[YOUR OBJECTIVE] Would you give the entries again word for word, with no pictures in the copy?

[Dataset records]
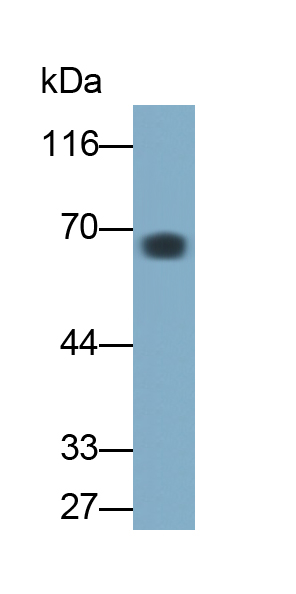 Monoclonal Antibody to Angiopoietin 2 (ANGPT2)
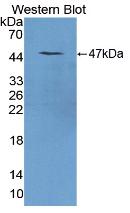 Polyclonal Antibody to Regenerating Islet Derived Protein 1 Alpha (REG1a)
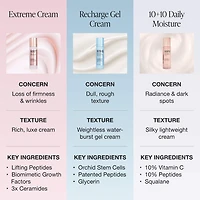 10 + 10 Moisturizer with 10% Vitamin C + 10% Peptide Complex + Ceramides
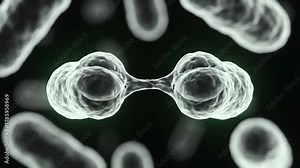 Bacterial Reproduction Explained – Binary Fission Animation | How Microbes Multiply Rapidly | Microbiology Visual Guide for Students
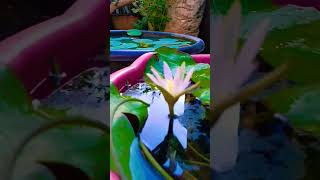 🪴✨terrace gardening garden blooming flowers beautiful views viralvideo youtube shorts [upl. by Haim]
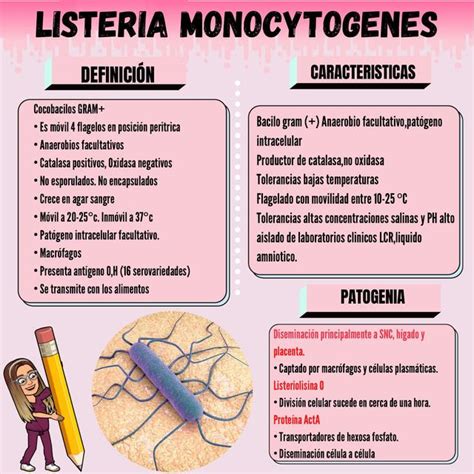 Listeria Monocytogenes Andrea Marin Perata UDocz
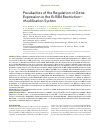 Научная статья на тему 'Peculiarities of the regulation of gene expression in the Ecl18kI restriction–modification system'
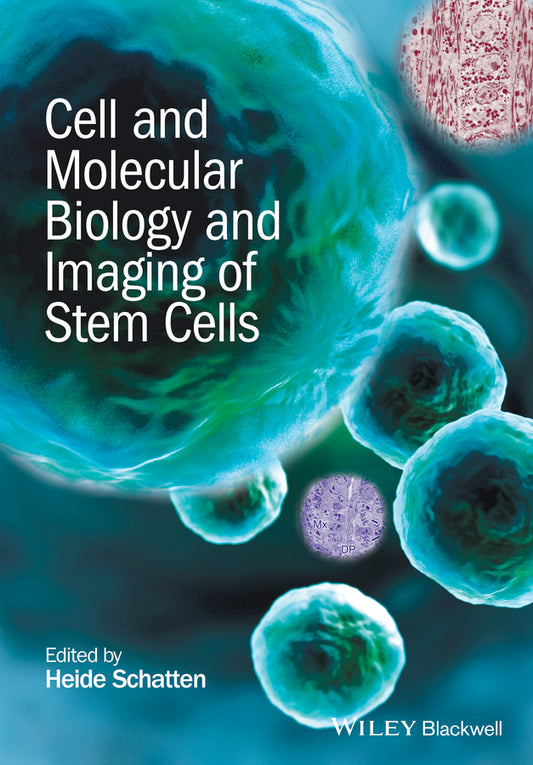 Cell and Molecular Biology and Imaging of Stem Cells (Hardback) 9781118284100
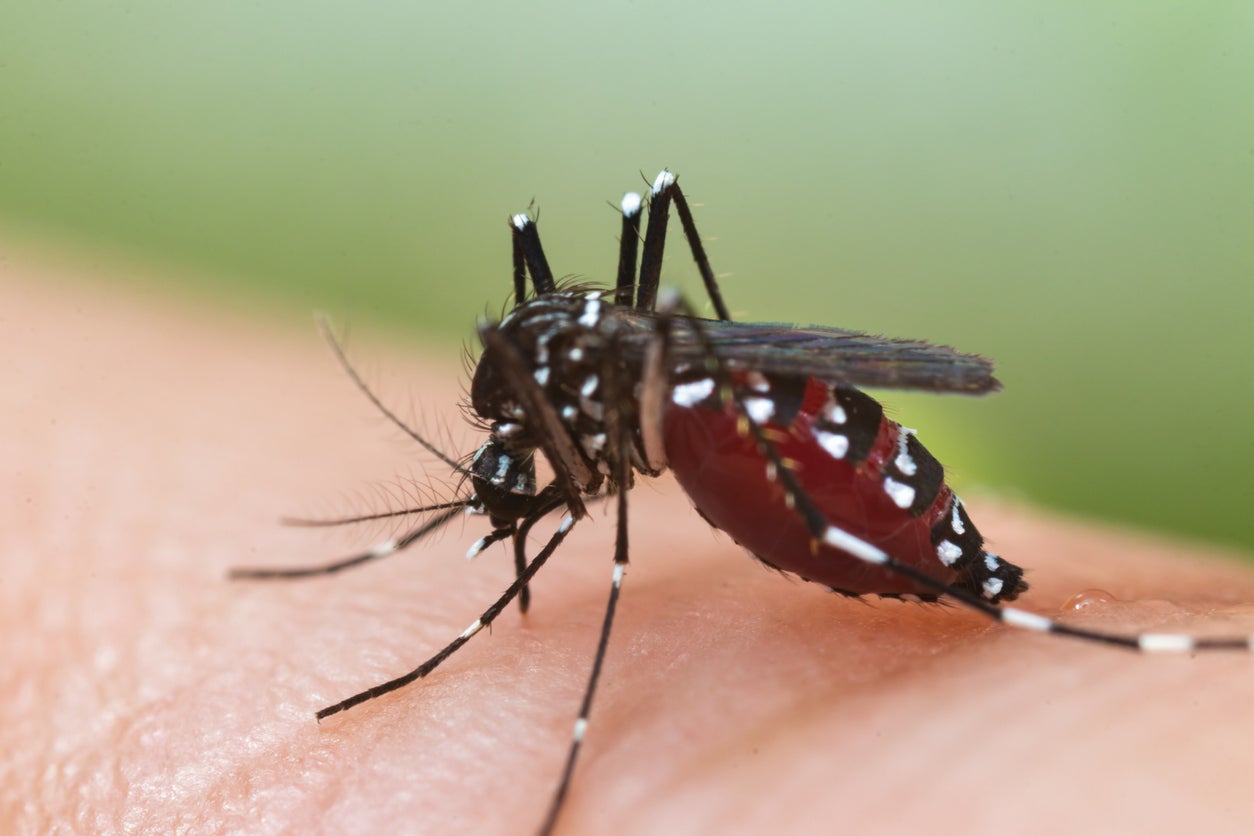 The Aedes albopictus mosquito which is known to carry the Zika virus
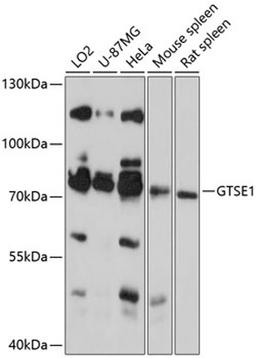 Western blot - GTSE1 antibody (A13902)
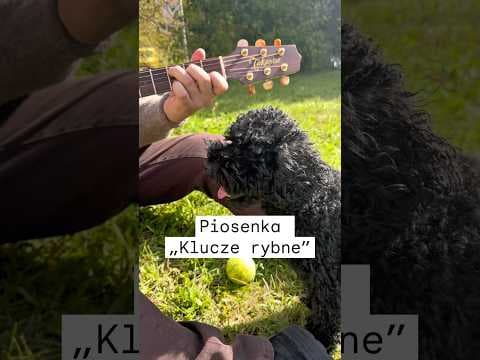 Dominik Kalbarczyk: Gitara, Muzyka, Viral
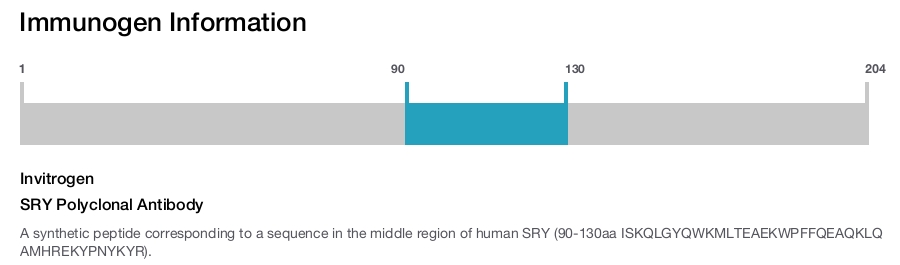 SRY Polyclonal Antibody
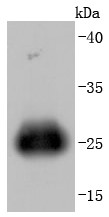K562 cell lysate transfected with GFP probed with GFP (HRP conjugated) (14C4) Monoclonal Antibody (bsm-52848R) at 1:1000 overnight at 4°C.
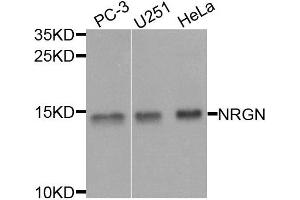 Western blot analysis of extracts of various cells, using NRGN antibody.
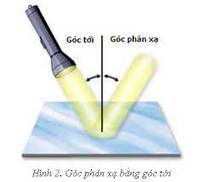 tổng hợp rna và protein - Lớp 7 - Quizizz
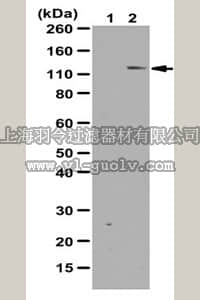 merck millipore,默克密理博,ABS192,Anti-phospho-SRPK2 (Ser497) Antibody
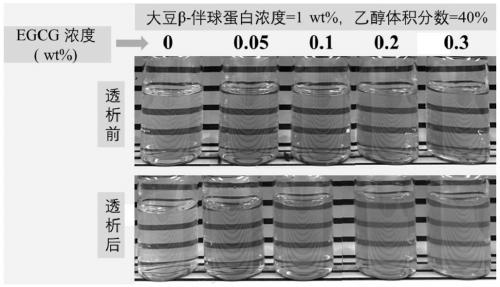 Protein-EGCG composite nanoparticle and antioxidant Pickering high internal phase emulsion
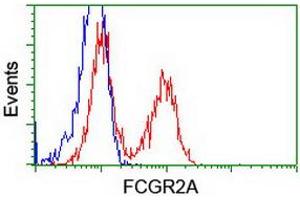 Image no. 5 for anti-Fc gamma RII (CD32) antibody (ABIN1497255) (Fc gamma RII (CD32) 抗体)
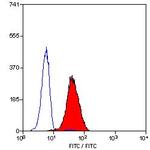 LTB4R Monoclonal Antibody (202/7B1)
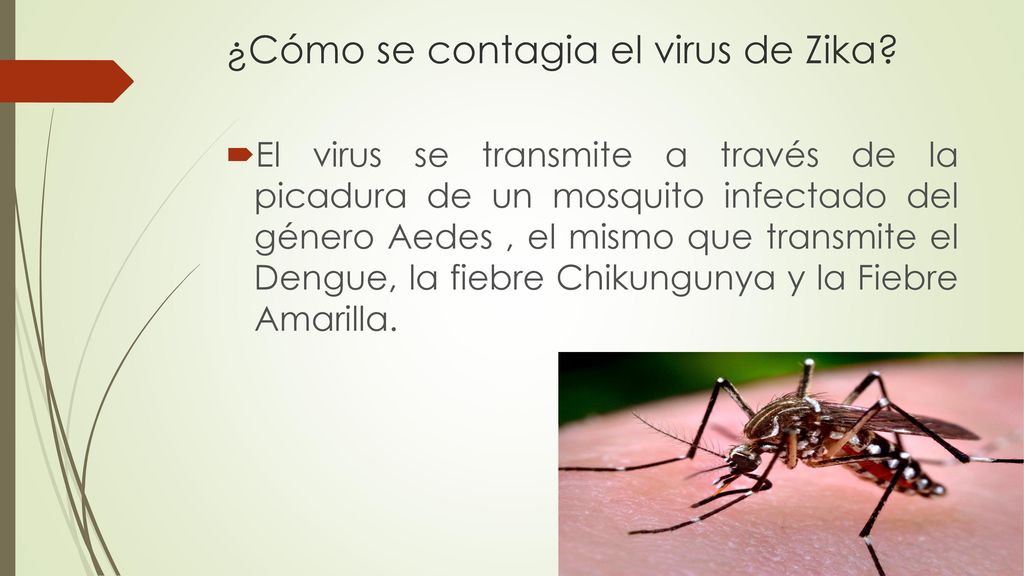 ¿Cómo se contagia el virus de Zika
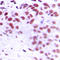 Homeobox protein MOX-2 antibody, LS-C352502, Lifespan Biosciences, Immunohistochemistry frozen image 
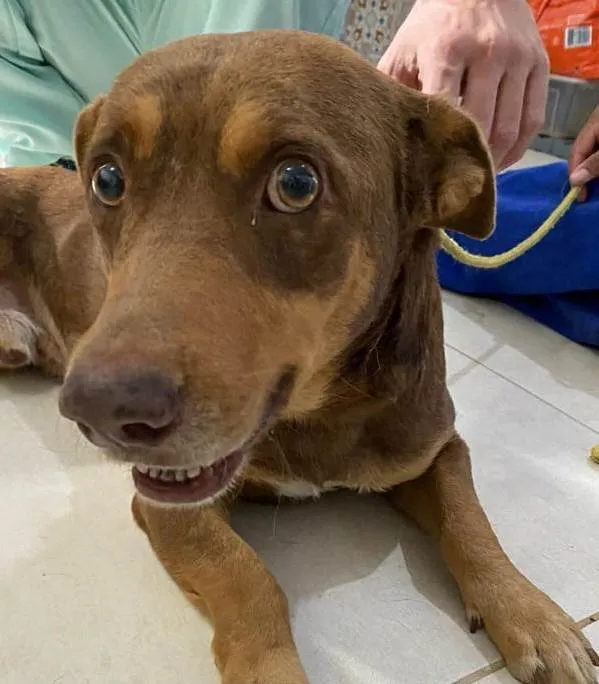 Cachorro ra a SRD-ViraLata idade 4 anos nome Pepe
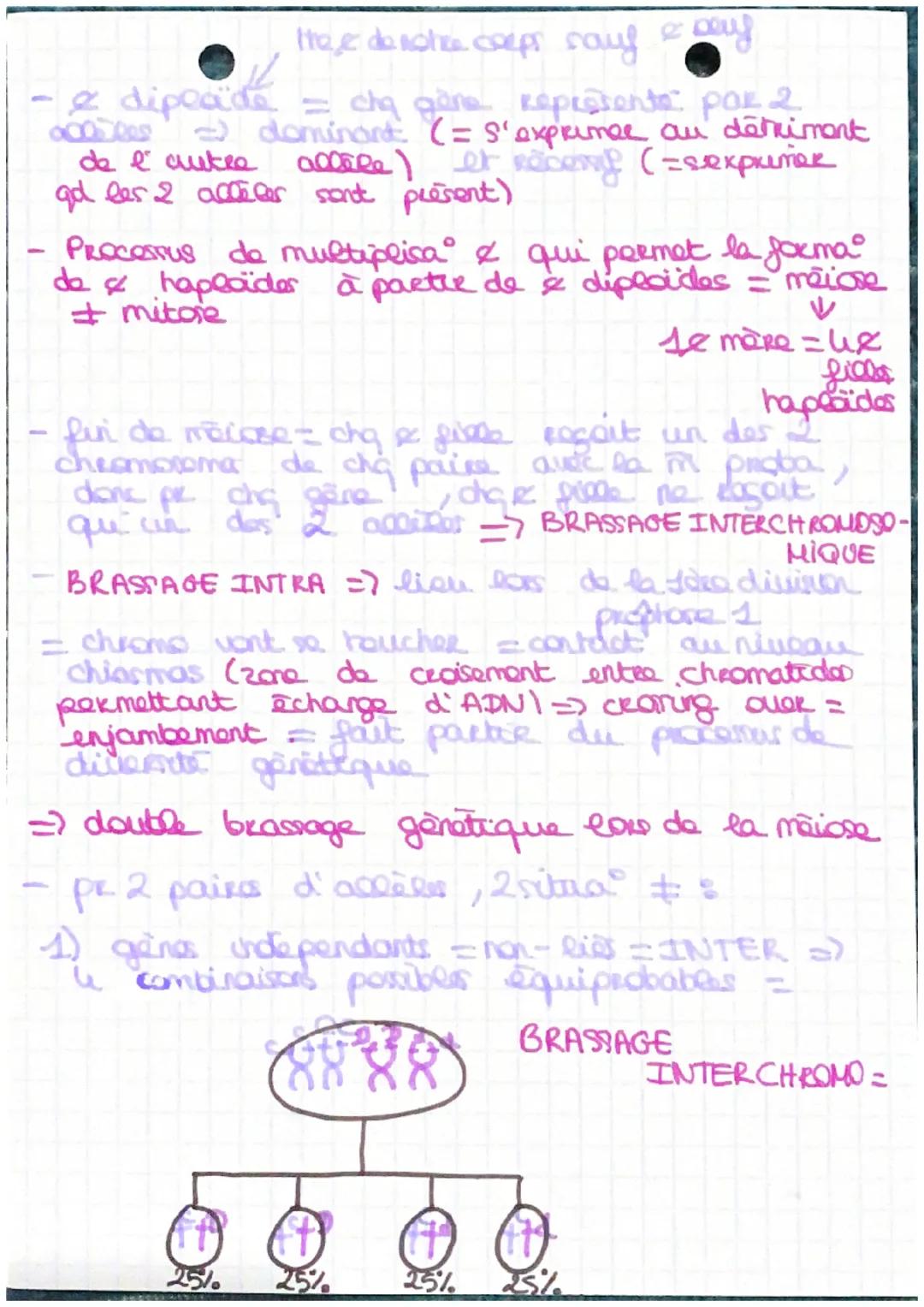 Chapitre 18 Genérique
L'origine du genotype des individus-
I. Conserva genomes: stabilite gănatiques et évolu
clonale
Rappels = arganisme pl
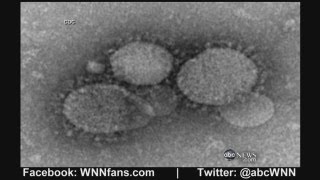 New SARSLike Virus With No Cure Kills at Least 27 [upl. by Ahsenit]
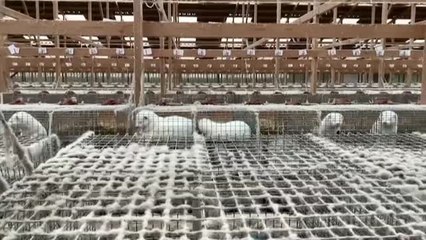 El visón muta el virus y contagia a las personas de Covid 19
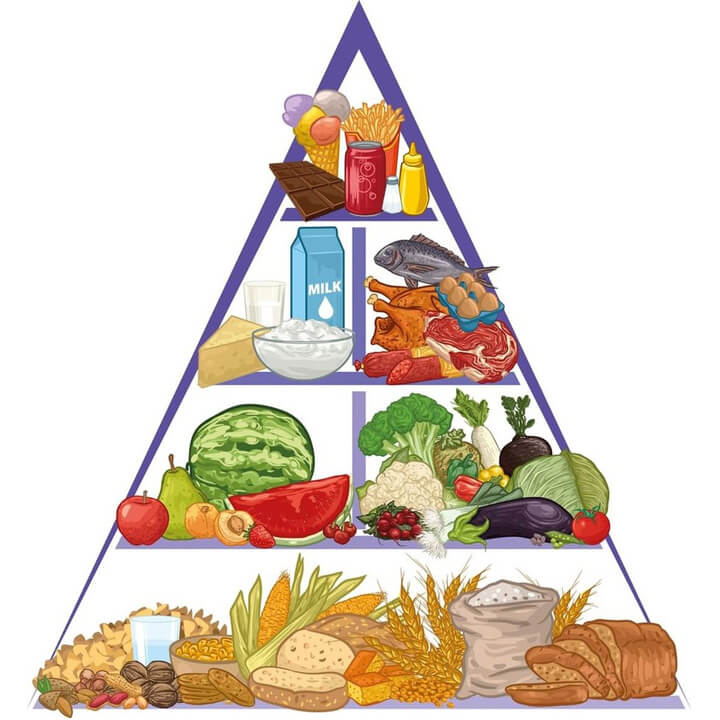 nhu cầu năng lượng và protein người trưởng thành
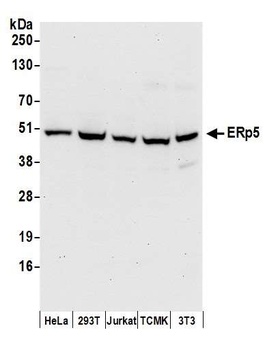 Rabbit anti-ERp5 Antibody, Affinity Purified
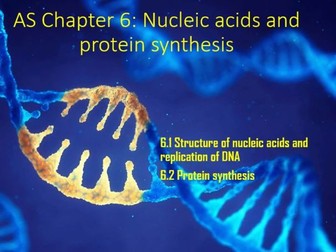 AS Biology Chapter 6: Nucleic acids and protein synthesis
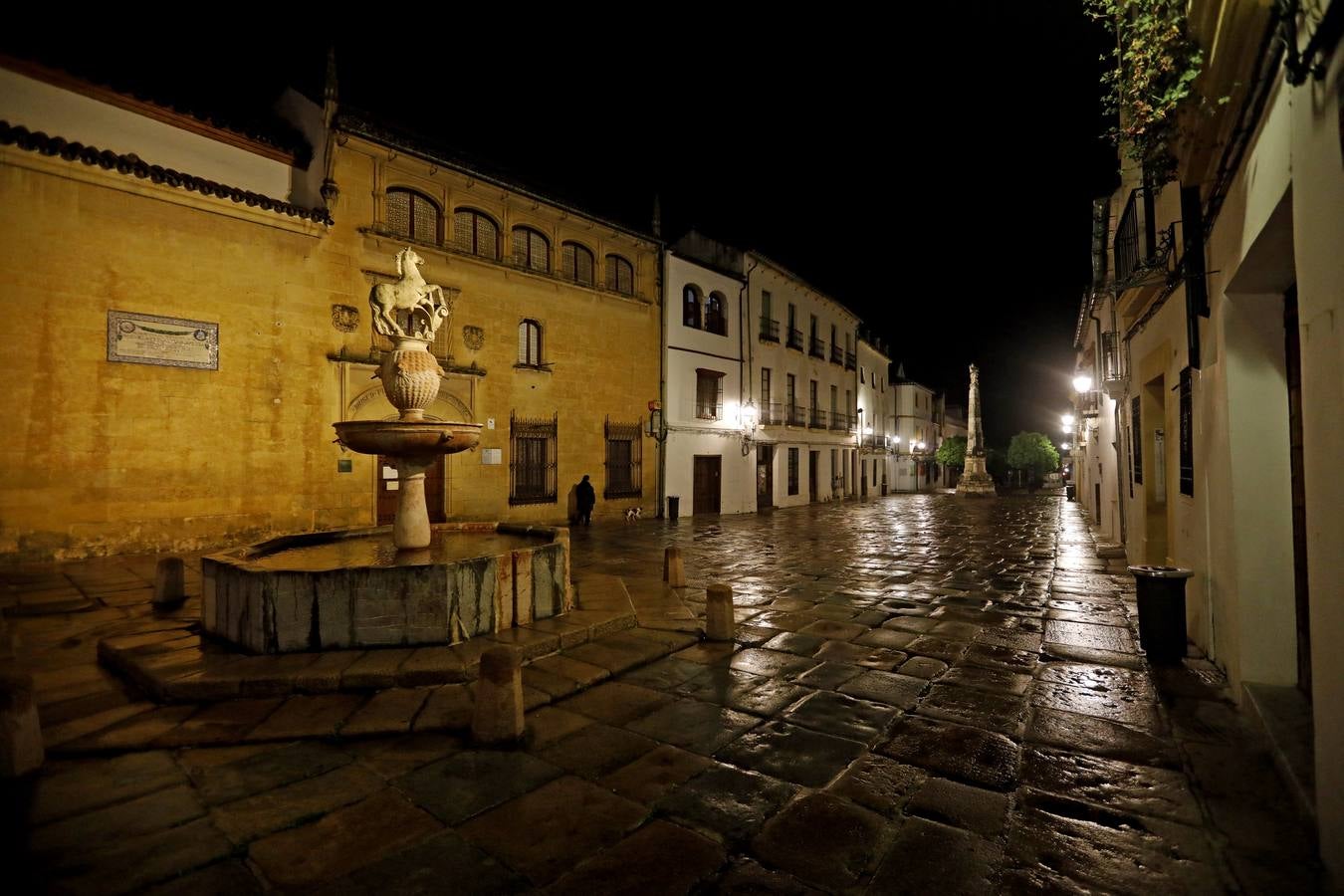 La Córdoba nocturna del coronavirus, en imágenes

[TASK RESPONSE]
 Monoclonal Antibody to Angiopoietin 2 (ANGPT2)
 Polyclonal Antibody to Regenerating Islet Derived Protein 1 Alpha (REG1a)
 10 + 10 Moisturizer with 10% Vitamin C + 10% Peptide Complex + Ceramides
 Bacterial Reproduction Explained – Binary Fission Animation | How Microbes Multiply Rapidly | Microbiology Visual Guide for Students
 🪴✨terrace gardening garden blooming flowers beautiful views viralvideo youtube shorts [upl. by Haim]
 Listeria Monocytogenes Andrea Marin Perata UDocz
 Научная статья на тему 'Peculiarities of the regulation of gene expression in the Ecl18kI restriction–modification system'
 Cell and Molecular Biology and Imaging of Stem Cells (Hardback) 9781118284100
 The Aedes albopictus mosquito which is known to carry the Zika virus
 Western blot - GTSE1 antibody (A13902)
 Dominik Kalbarczyk: Gitara, Muzyka, Viral
 SRY Polyclonal Antibody
K562 cell lysate transfected with GFP probed with GFP (HRP conjugated) (14C4) Monoclonal Antibody (bsm-52848R) at 1:1000 overnight at 4°C.
 Western blot analysis of extracts of various cells, using NRGN antibody.
 tổng hợp rna và protein - Lớp 7 - Quizizz
 merck millipore,默克密理博,ABS192,Anti-phospho-SRPK2 (Ser497) Antibody
 Protein-EGCG composite nanoparticle and antioxidant Pickering high internal phase emulsion
 Image no. 5 for anti-Fc gamma RII (CD32) antibody (ABIN1497255) (Fc gamma RII (CD32) 抗体)
 LTB4R Monoclonal Antibody (202/7B1)
 ¿Cómo se contagia el virus de Zika
 Homeobox protein MOX-2 antibody, LS-C352502, Lifespan Biosciences, Immunohistochemistry frozen image 
 Cachorro ra a SRD-ViraLata idade 4 anos nome Pepe
 Chapitre 18 Genérique
L'origine du genotype des individus-
I. Conserva genomes: stabilite gănatiques et évolu
clonale
Rappels = arganisme pl
 New SARSLike Virus With No Cure Kills at Least 27 [upl. by Ahsenit]
 El visón muta el virus y contagia a las personas de Covid 19
 nhu cầu năng lượng và protein người trưởng thành
 Rabbit anti-ERp5 Antibody, Affinity Purified
 AS Biology Chapter 6: Nucleic acids and protein synthesis
 La Córdoba nocturna del coronavirus, en imágenes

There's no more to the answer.